Minister Glenbert Croes, the minister of Labor, Energy and Integration recently presented the updated Admission Policy, a bit different than the last one introduced in 2018.
But the situation now on the island is different than in 2018.
We’ve had an explosion of new businesses, that require more working hands.
And there are many more businesses in the pipeline.
According to the Minister of Economic Affairs, 459 new business permits were issued January to August, 2023. The minister reported that 1,195 different business permits were issued by the authorities, among them 38% to new businesses, a total of 459.
The minister published those findings to prove his office has made changes and that the road to permits is now more efficient — making good on his fast-track promise.
However, I speculate that the main driver of this post-pandemic business boom is the desire of Arubans to become entrepreneurs and to work for themselves.
So where will we find the working hands to, among others, flip burgers and make beds, provide the type of service we dream of delivering to our discerning visitors?
The Minister of Labor had promised last year, publicly, in an AHATA meeting, that he will make progress in the plan to introduce some of the undocumented, skilled manpower, already on the island, into the workforce.
The minister recruited for that purpose some of the international organizations working here such as HIAS, a refugee protection organization and IOM, International Organization for Migration, but with all due respect nothing major happened.
They were supposed to inventory the skills and help ease the process of turning some of the alleged 16.000 undocumented residents into productive, tax paying, compliant locals.
According to the island’s social insurance bank, SVB, we need it, we have an aging population and we need more younger people to help pay for their benefits.
It is all presumably happening, but very slowly.
A number of major businesses already filed for permits for skilled undocumented workers, but the process is lengthy, and suffers from a lack of goodwill.
The minister had on numerous occasions pledged improved collaboration between government departments such as DIMAS and DPL, in charge of immigration and labor. But ALAS, it really doesn’t help the cause that DIMAS and the minister simply don’t get along.
Bad chemistry between the two, the minister and DIMAS, is to blame for tardiness, and arrears, which have not been handled.

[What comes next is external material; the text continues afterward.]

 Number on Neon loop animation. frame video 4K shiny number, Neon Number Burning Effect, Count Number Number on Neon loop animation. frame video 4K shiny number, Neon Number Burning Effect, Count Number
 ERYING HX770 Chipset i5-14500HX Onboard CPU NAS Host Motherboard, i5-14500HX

So what’s the good news about the updated Admission Policy?
The introduction of the multi-year permit. The foreign-born professional will be spared the misery of applying for a permit each year, if an application for a multi-year permit is filed, up to five year, but he/she would need deep pockets, as the annual permit fee runs between Awg 2,000 and Awg 2,500 for an entrepreneur.
Another positive aspect is the electronic filing and the digitalization of the process.

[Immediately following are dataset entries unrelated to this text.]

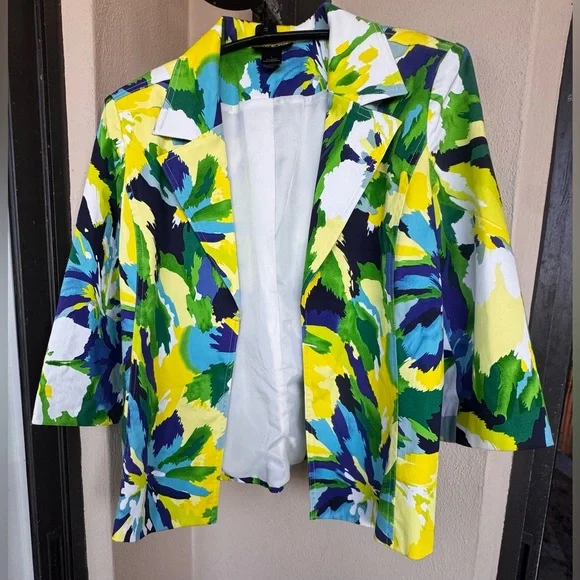 Molly & Maxx Multicolor Abstract Print Blazer 3/4 Sleeve Collar Lined Large - Picture 5 of 16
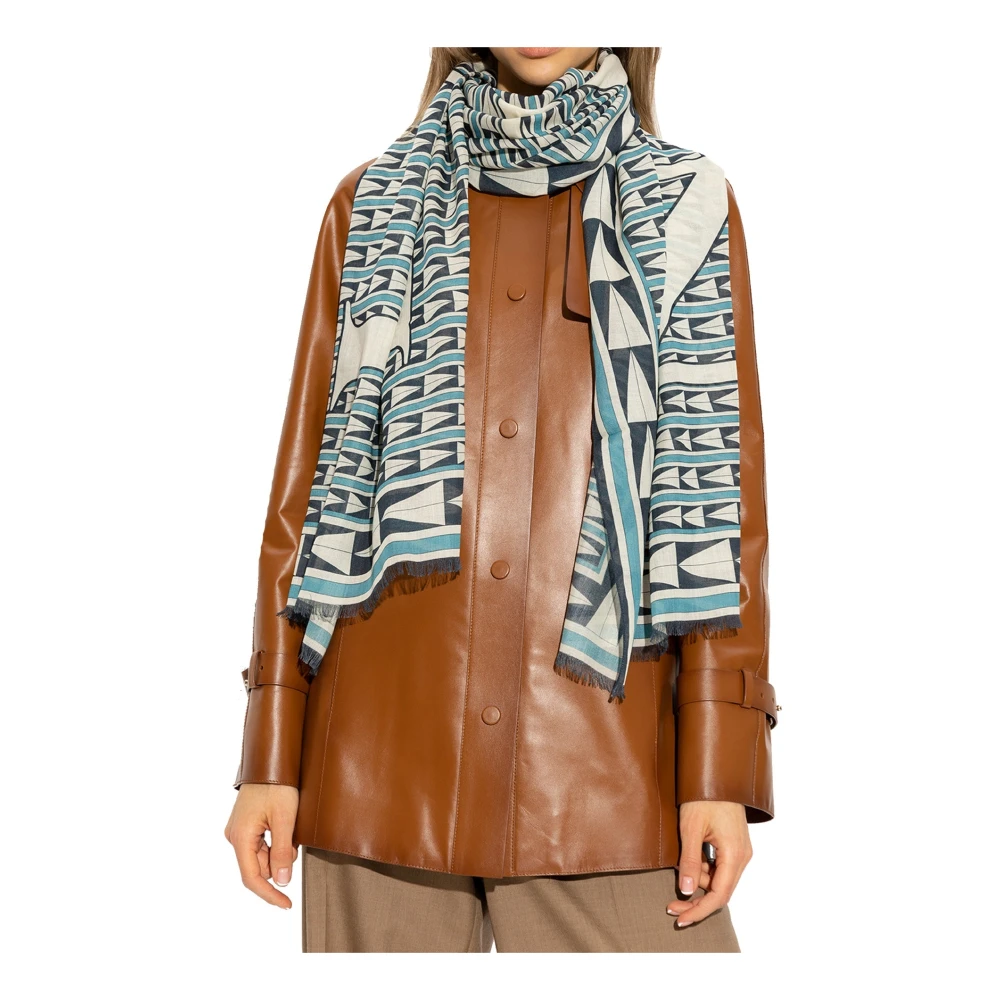 Lanvin Blauwe Geometrisch Patroon Wollen Sjaal Multicolor Dames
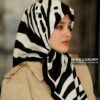 روسری توییل مشکی سفید میس لاکچری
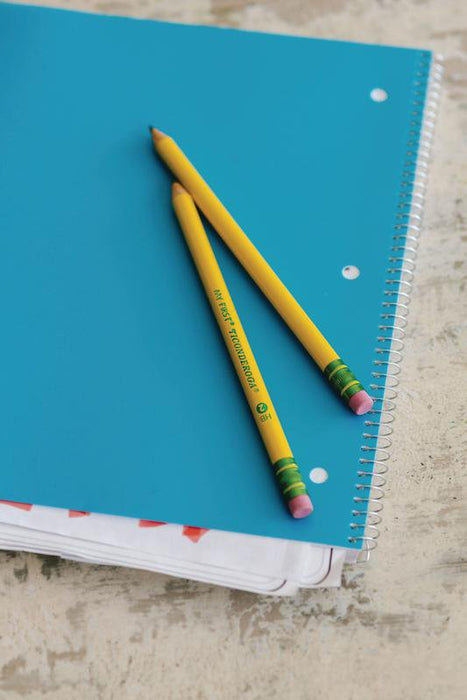 Ticonderoga My First Wood-Cased Pencils, Pre-Sharpened, Bonus Sharpener, Yellow, 4 Count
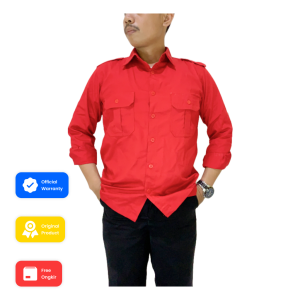 Baju Kemeja PDL PDH Lapangan Lengan Panjang Merah - Pakaian Atasan Seragam Pria Wanita Premium Kerja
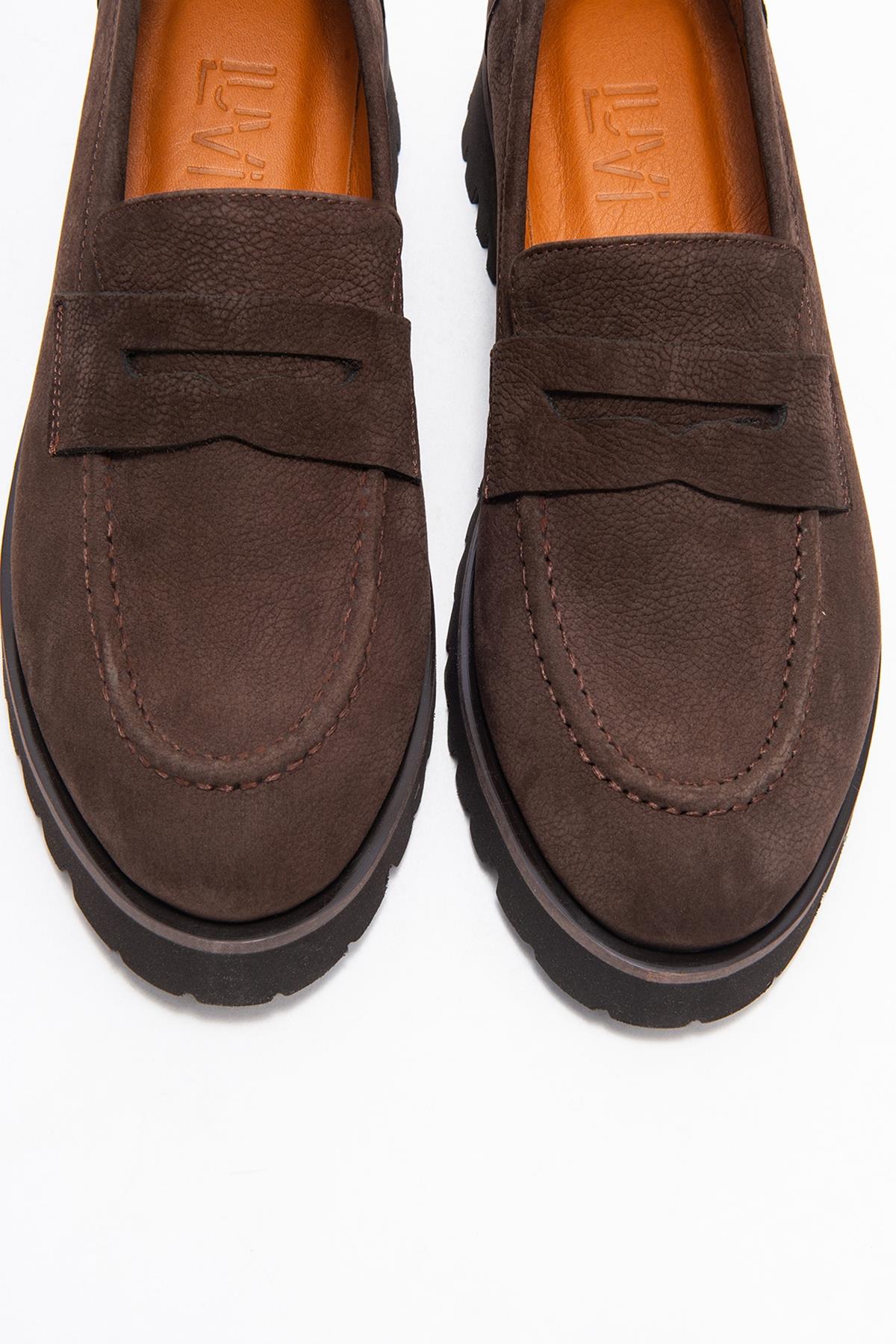 Vionel - Mocasín de cuero de gamuza marrón (mujer)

Also a positive development, in some cases, you may wait for your permit on island, while before you were required to wait overseas, now some exceptions exist, and you may already be on island, not working, but on standby.

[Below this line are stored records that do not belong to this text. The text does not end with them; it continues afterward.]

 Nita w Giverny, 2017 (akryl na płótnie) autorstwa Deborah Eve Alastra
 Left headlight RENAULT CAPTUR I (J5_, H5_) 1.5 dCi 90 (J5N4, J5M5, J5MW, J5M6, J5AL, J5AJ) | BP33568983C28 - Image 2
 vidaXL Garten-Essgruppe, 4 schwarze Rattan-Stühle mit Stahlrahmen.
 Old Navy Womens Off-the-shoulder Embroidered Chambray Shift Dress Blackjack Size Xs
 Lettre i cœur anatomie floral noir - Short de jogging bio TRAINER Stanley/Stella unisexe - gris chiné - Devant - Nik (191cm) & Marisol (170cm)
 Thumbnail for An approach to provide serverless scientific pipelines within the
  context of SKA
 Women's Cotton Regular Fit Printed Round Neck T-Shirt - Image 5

In all cases, the person applying for the permit must have entered Aruba lawfully.
Anyone arriving illegally, will not be eligible for consideration.
In the area of Family Reunification requirements changed a bit too. The applicant doesn’t have to wait three years before applying, and applications may be filed for same sex partners.
(Of course, this did not address the housing, schooling and healthcare challenges involved.)
I talked to two legal eagles who deal with immigration challenges, and both had interesting comments about the updated Admission Policy.
“It’s a kind of facelift not really a root canal. We still have to wait a very long time. In the days of minister Wever and the strictest immigration laws, the notorious Swiss Model, we had clarity. I don’t miss those dreadful days, but there are still many uncertainties in the updated version and we pray for insight. The question remains: Do we really welcome immigration or are we just doing the tiniest minimum to fend off the rumor that we are hostile.
I did not study the update at length, says another immigration lawyer, but at a superficial glace, some conditions became even stricter, and we are far from the “EFFICIENT, HUMANE, AND TRANSPARENT ADMISSION, MIGRATION, AND INTEGRATION POLICY,” the minister publicly announces.